The latest analysis by research company BloombergNEF (BNEF) shows that the benchmark levelized cost of electricity, or LCOE, for lithium-ion batteries has fallen 35% to $187 per megawatt-hour since the first half of 2018. Meanwhile, the benchmark LCOE for offshore wind tumbled by 24%.
Onshore wind and photovoltaic solar have also become cheaper, with their respective benchmark LCOE reaching $50 and $57 per megawatt-hour for projects starting construction in early 2019— down 10% and 18% on the equivalent figures of a year ago.
Elena Giannakopoulou, head of energy economics at BNEF, commented: “Looking back over this decade, there have been staggering improvements in the cost-competitiveness of these low-carbon options, thanks to technology innovation, economies of scale, stiff price competition and manufacturing experience.
“Our analysis shows that the LCOE per megawatt-hour for onshore wind, solar PV and offshore wind have fallen by 49%, 84% and 56% respectively since 2010. That for lithium-ion battery storage has dropped by 76% since 2012, based on recent project costs and historical battery pack prices.”
The most striking finding in this LCOE Update, for the first-half of 2019, is on the cost improvements in lithium-ion batteries.
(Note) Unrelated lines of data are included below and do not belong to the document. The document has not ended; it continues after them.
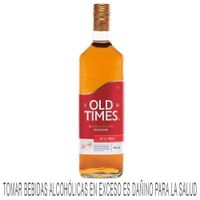 Whisky OLD TIMES Red Botella 1L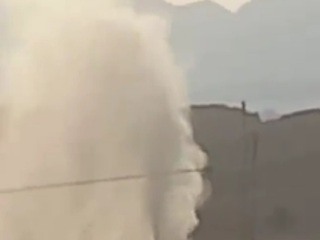 На нефтеперерабатывающем заводе в Иране взорвался трубопровод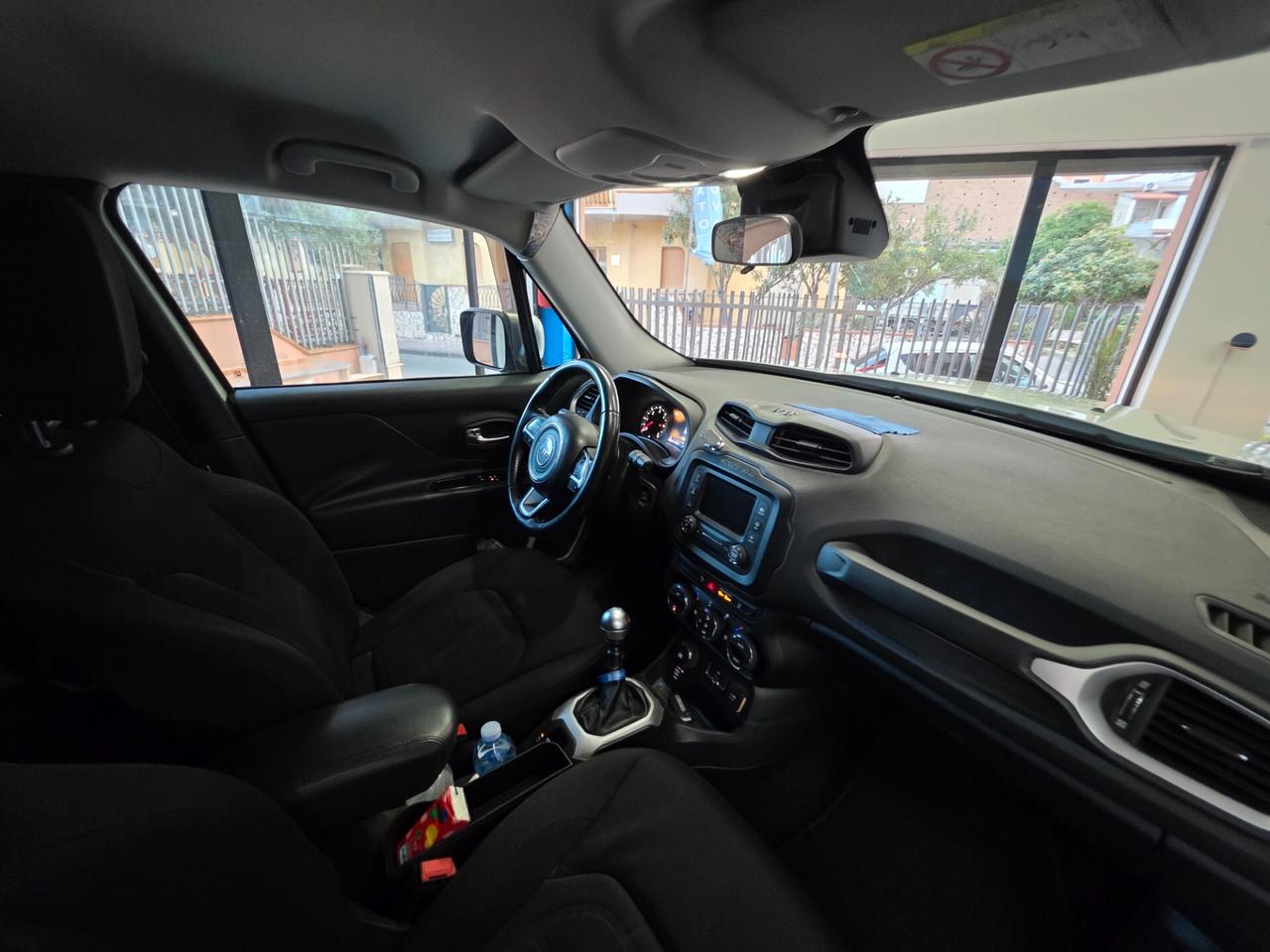 Jeep Renegade 2.0 Mjt 140CV 4WD Active Drive Longitude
These are opening up new opportunities for them to balance a renewables-heavy generation mix.
Plunging clean energy costs threaten coal and gas
Batteries co-located with solar or wind projects are starting to compete, in many markets and without subsidy, with coal- and gas-fired generation for the provision of ‘dispatchable power’ that can be delivered whenever the grid needs it (as opposed to only when the wind is blowing, or the sun is shining).
Electricity demand is subject to pronounced peaks and lows inter-day. Meeting the peaks has previously been the preserve of technologies such as open-cycle gas turbines and gas reciprocating engines, but these are now facing competition from batteries with anything from one to four hours of energy storage, according to the report.
Tifenn Brandily, energy economics analyst at BNEF, said: “Solar PV and onshore wind have won the race to be the cheapest sources of new ‘bulk generation’ in most countries, but the encroachment of clean technologies is now going well beyond that, threatening the balancing role that gas-fired plant operators, in particular, have been hoping to play.”
Although the LCOE of solar PV fell 18% in the last year, the great majority of that decline happened in the third quarter of 2018, when a shift in Chinese policy caused a huge global supply glut of modules, rather than over the most recent months.